Too $hort at Velvet Jones

Rapper Gives Fans Half-Show on Friday Night

Too $hort at Velvet Jones.
Jen Woo

As one of the most distinguished artists in the rap industry, Too $hort is known for his raw, sexually explicit style. (He even coined term “biaaatch.”) With almost 20 albums and over 25 singles under his belt, his Friday night “Birthday show” at Velvet Jones was one of the most highly anticipated concerts the venue has seen this year. But the sold-out event ended up a huge disappointment, thanks to a whole lot of waiting around, uninspired show openers, a brief headlining performance, and an abrupt, early exit from $hort, which left the crowd confused and irritated.

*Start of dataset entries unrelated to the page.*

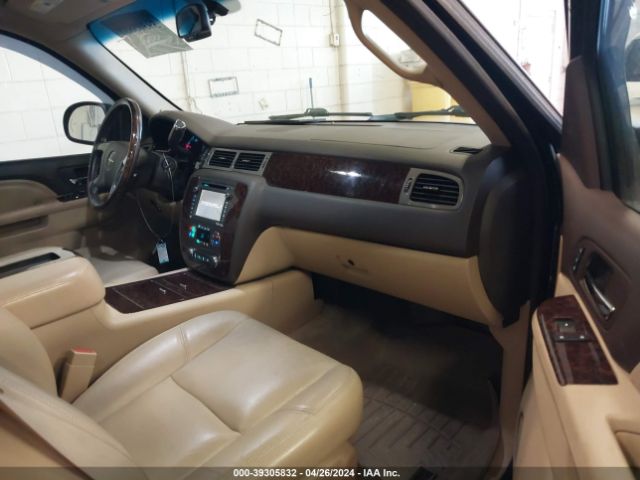 Photo 4 VIN: 1GKS2EEFXDR271926 - GMC YUKON 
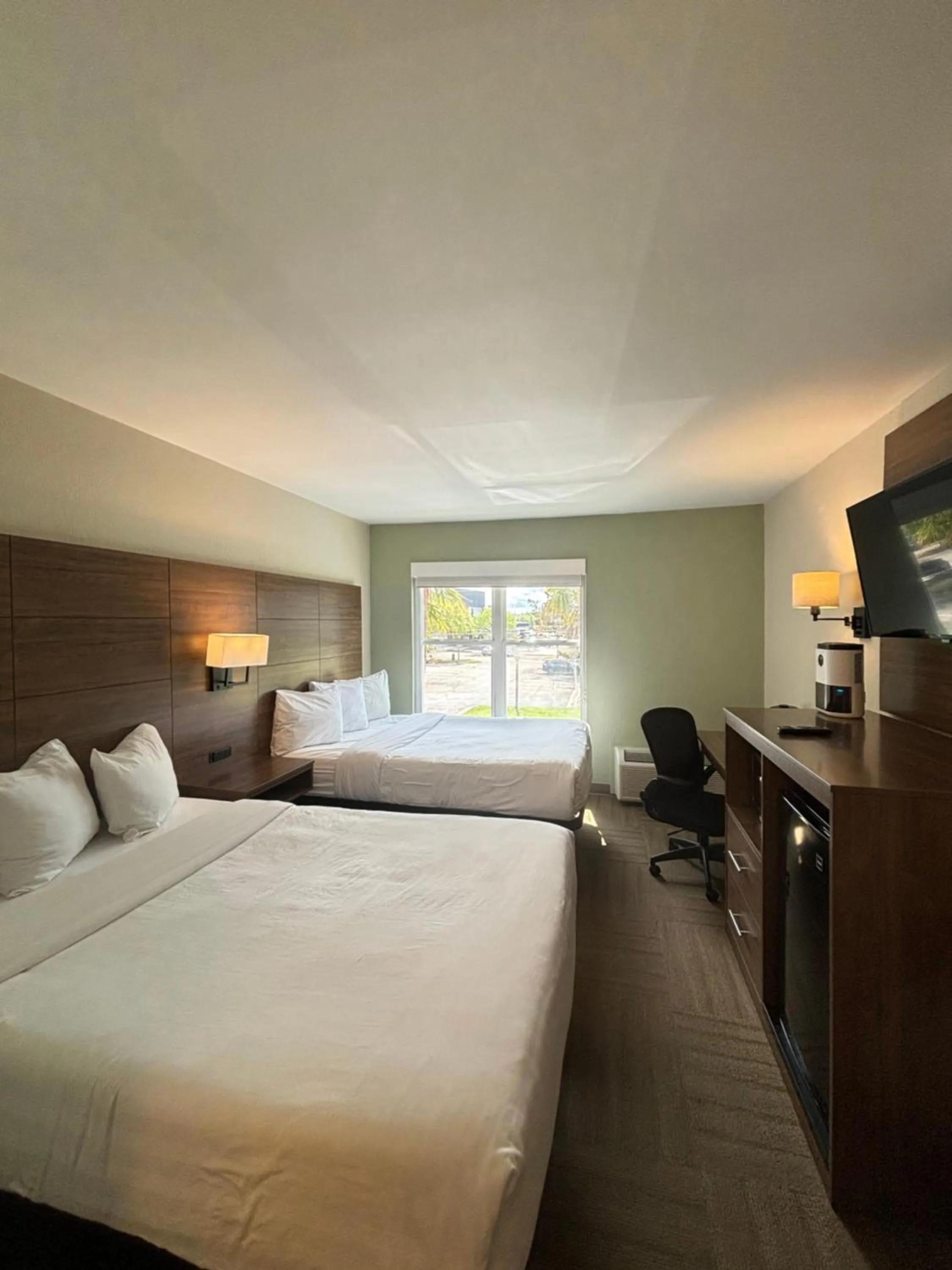 Bed in Baymont by Wyndham Lake Park Valdosta I75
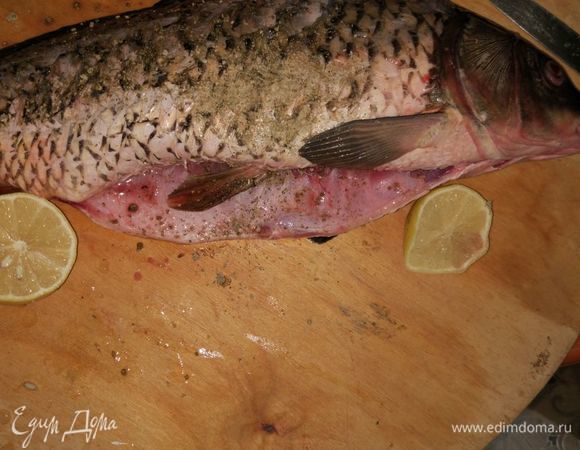 Сбрызнуть лимоном, посыпать приправой для рыбы и солью.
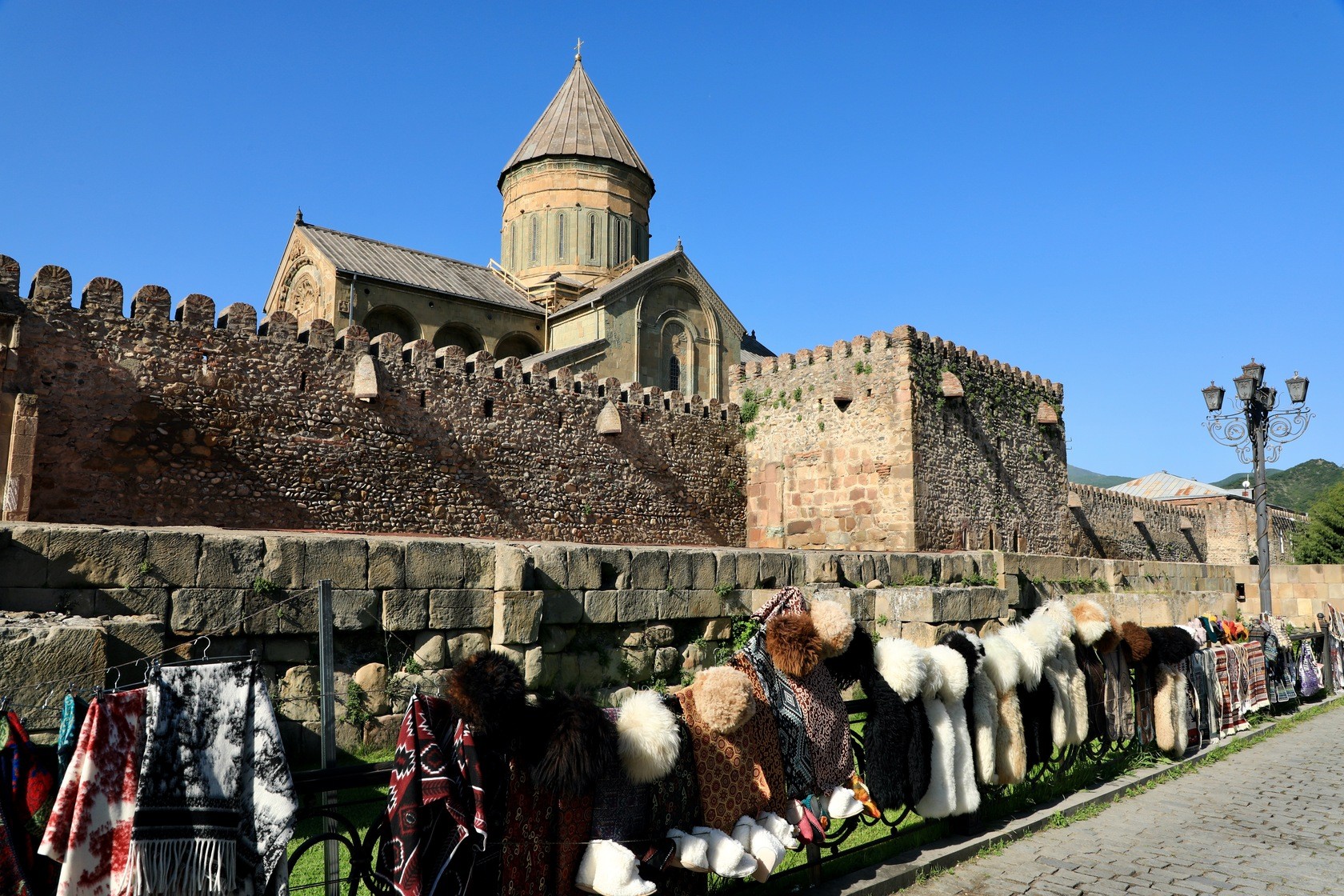 Souvenirs til salg foran den store katedral i Mtskheta, som vi besøger på rejsen. Foto Anders Stoustrup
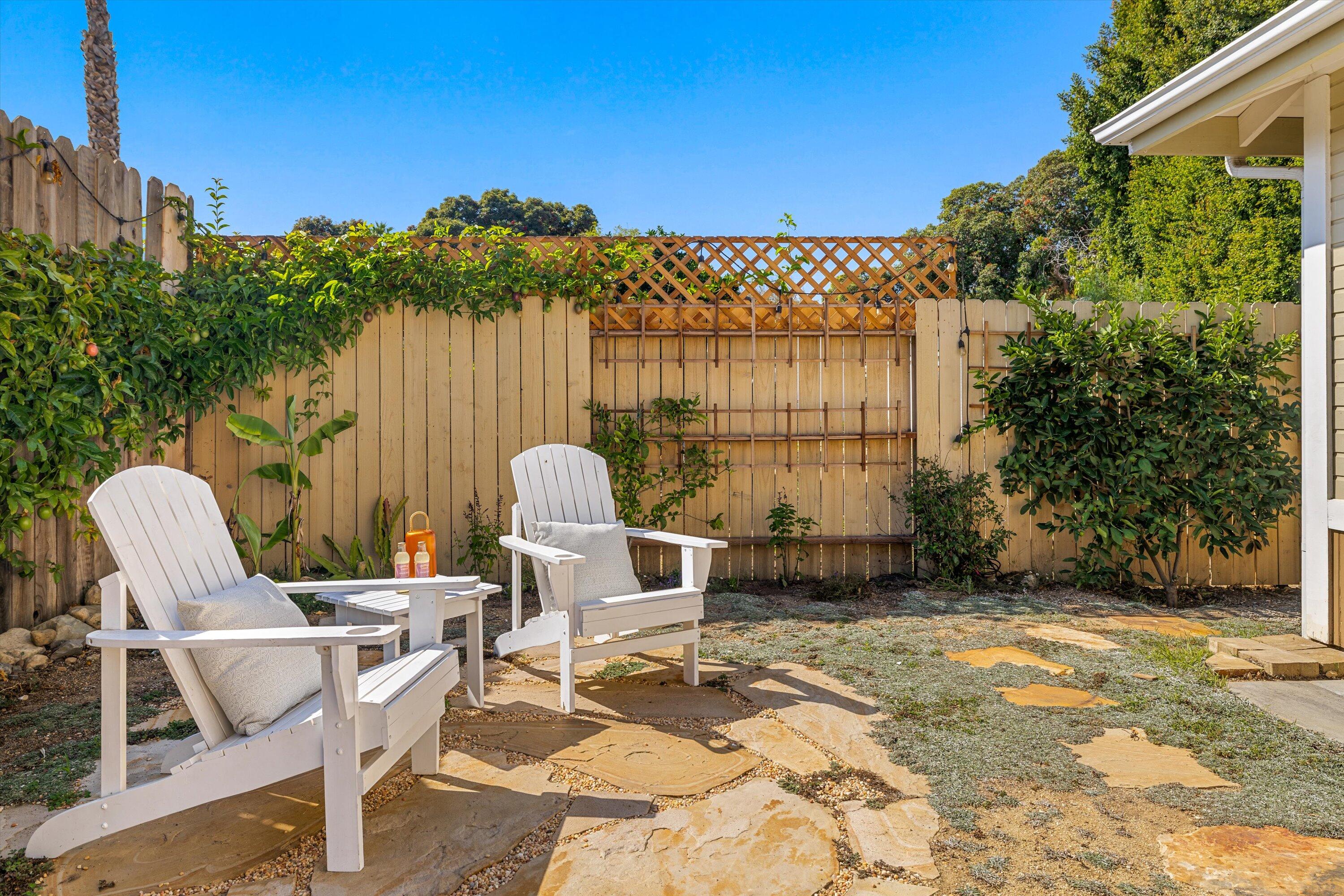 Santa Barbara, California 93101, United States, 3 Bedrooms Bedrooms, ,3 BathroomsBathrooms,Residential,Pending,201911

Escorted by an entourage of about 10 that stayed onstage for the entire show, Too $hort began his set seeming completely uninterested in performing. Though when he began, the audience was reminded of his enticing, dance-provoking beats and graphic verses, which even got girls scrambling to get on stage to shake their “monkeys.” Taking some time to mingle with the dancers, $hort showed the crowd a little of the pimp in him early on in the set.

He also performed number of favorites, including club hits “Shake That Monkey” and “Blow the Whistle,” the sexed up “Choosin’” and “Don’t Fight the Feeling,” the self-explanatory “Gangsters and Strippers,” and the time-honored “Gettin’ It.”

Hailing from Oakland, Too $hort has established a reputation as a key influence on the sounds of modern West Coast rap. As a collaborative artist, his work has reflected his envolvement with the Bay Area’s hyphy movement and Dirty South crunk, though he has always maintained his distinct crude flair. With his diverse music, $hort has developed a strong following and is fully deserving of his boastful attitude.

But at the peak of Friday’s show, just as fans were just started to get really amped, Too $hort walked towards the back of the stage and then was off. After a few minutes, he was once again surrounded by his entourage, who led the way out the front door. It took a Velvet Jones staff member to get on stage and alert the horde that the show was really over.

By night’s end the event felt like a sweltering house party that was broken up early, leaving fans unsatisfied — especially those who arrived at 11:15 p.m., only to be told that Too $hort had already left the building.

All in all, Friday night’s affair was indeed far too short.